Many people have observed that there is also a dark side to this phenomenon.  In 1987, Alfie Kohn famously wrote an article that is now distributed with every copy of emacs which notes that giving people incentives gets them to focus on the incentive rather than the task; and enjoy the incentive more than the task.  In 2000, Joel Spolsky wrote "Incentive Pay Considered Harmful", which details the numerous problems with HR reviews and employee incentive pay.  Just this month, he expounded again in "How Hard Could It Be?", noting that when you pay people to optimize something, they will optimize it, whether that helps you or not.

I don't believe there's a contradiction here.  What these studies are observing is that, if you crudely design and crudely present an incentive, it will have crude effects.  There's an art and a science to designing incentives, and the people who write employee incentive plans (and incentive impact studies) are not really using interested in using incentives in the way that makes them effective: to make activities more fun.  The only people who really get this right are game designers.  Unfortunately, the insight that game designers have is rarely shared with other disciplines. Game studios make even software startups look tame by comparison, leaving their employees little time for professional development, or, you know, sleeping.  When their ideas are shared, they are frequently, almost implicitly dismissed — after all, it's "just a game".  The "serious" folks want measurable objectives, clearer research, not "fun".

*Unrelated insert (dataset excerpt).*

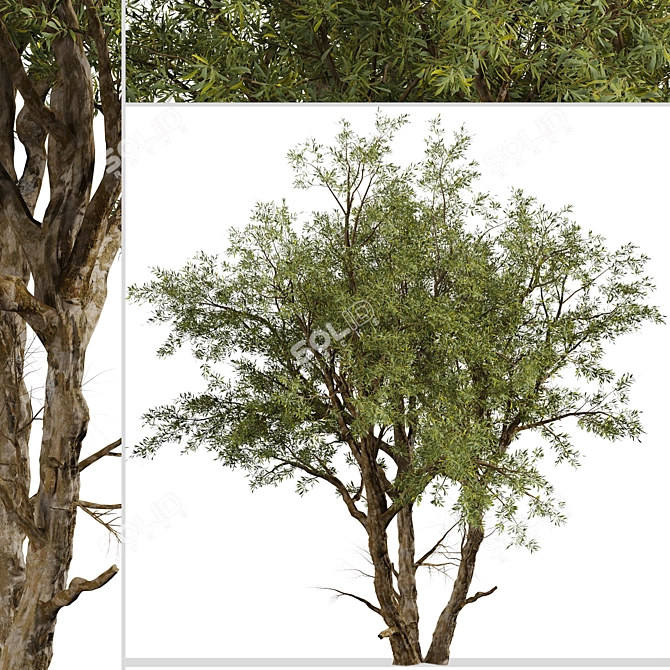 Eucalyptus Red Gum Tree: Vibrant Australian Evergreen 3D model image 2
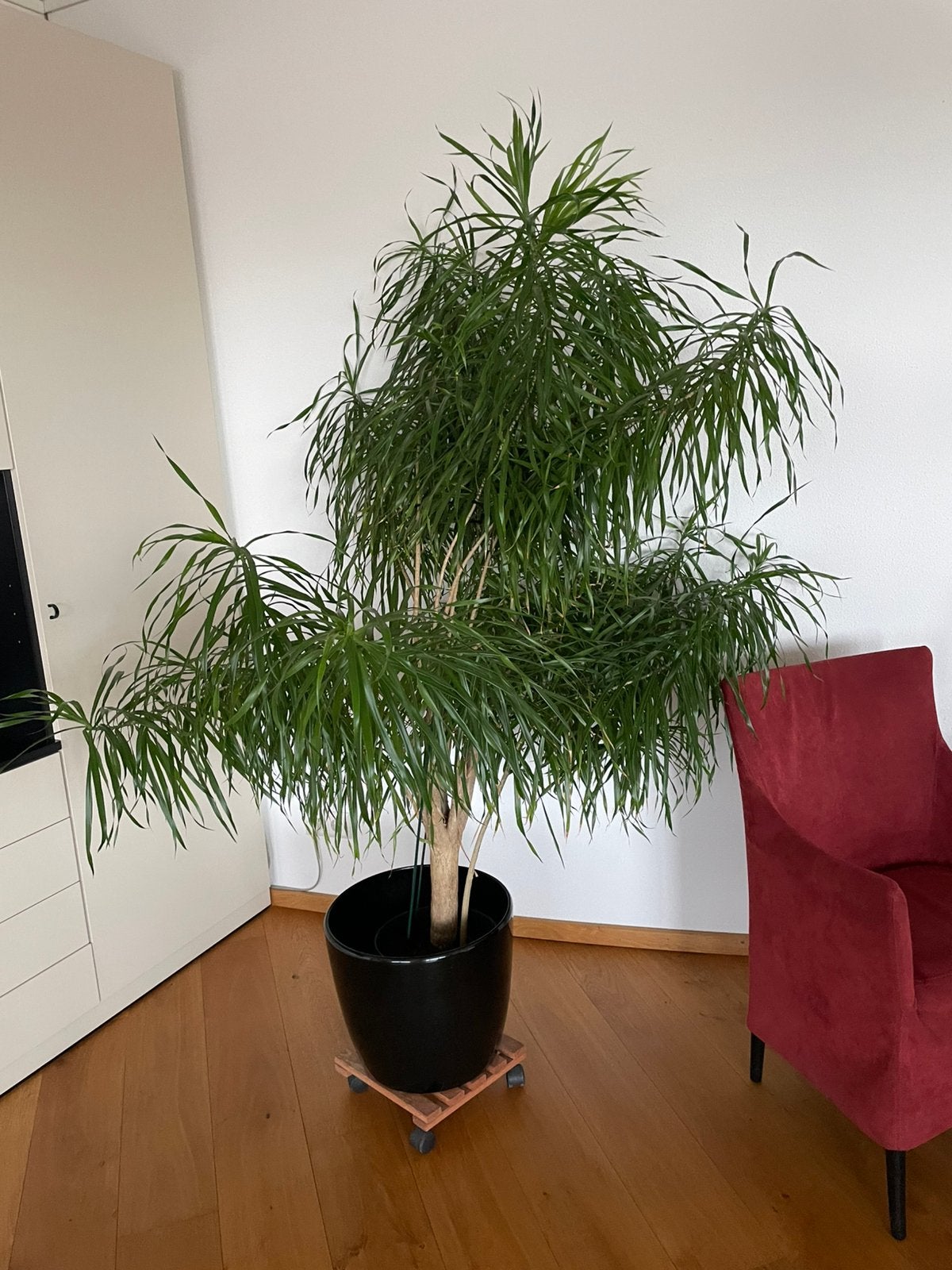 Dracena plant, Huis en Inrichting, Kamerplanten, Ophalen, Palm, Halfschaduw, In pot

But tell a "serious" cognitive scientist or a "businesslike" incentive plan designer to produce a scheme which will cause the user's brain to release large amounts of Dopamine on demand, and they're not likely to deliver anything useful.

I certainly don't have as much experience with this as I'd like, but I've made plenty of observations.  My personal hypothesis is that the key factor here is subtlety.  The apgar score is an arbitrary number.  It means nothing beyond what it means.  Your progress, or health in a game has no meaning beyond the game.  It's an obvious yardstick by which you can judge your progress, but it doesn't really matter.

Stack Overflow is, I think, a great example of this type of subtlety.  Your reputation is arbitrary, and there are lots of arbitrary little landmarks you can achieve.  "Badges", originally from City of Heroes, and also known as  "achievements" on Steam, are a great way to motivate users to stick around just a while longer.  "Oh, I'm done for the day, but I'm only 30 votes from civic duty.  Let me vote on a few more things."  Because the motivation is there, you stick around; but because it's subtle, it's not worth aggressively gaming the system (and thereby wrecking it).

You can see the flip side of that pretty quickly on similar sites that try to motivate participation based on money.  I can't tell how good Experts Exchange is, because it throws up roadblocks, to protect their precious "content" and make sure they can make money on it.  Those who I know who have tried it assure me that it is full of spam and fraud, largely because the incentive structure is all based around money.  The "score" doesn't represent progress or mark status, it is progress and it is status.  The point of Experts Exchange is to get money, and the questions are just there to provide you with a mechanism to do so.  The point of Stack Overflow is to provide good answers to questions, and the reputation score is just there to get a rough idea of who does that best.

I think that this principle can be applied in lots of places in everyday life.  To give you a hint of where I hope to apply it at Divmod, in Blendix: consider the feeling of getting a point in a game, and the feeling of checking off an item on a to-do list.  Compare beating a level to seeing a page full of "done" items.  Just imagine that page full of ticked-off checkmarks.  Makes you want to write a to-do list, doesn't it?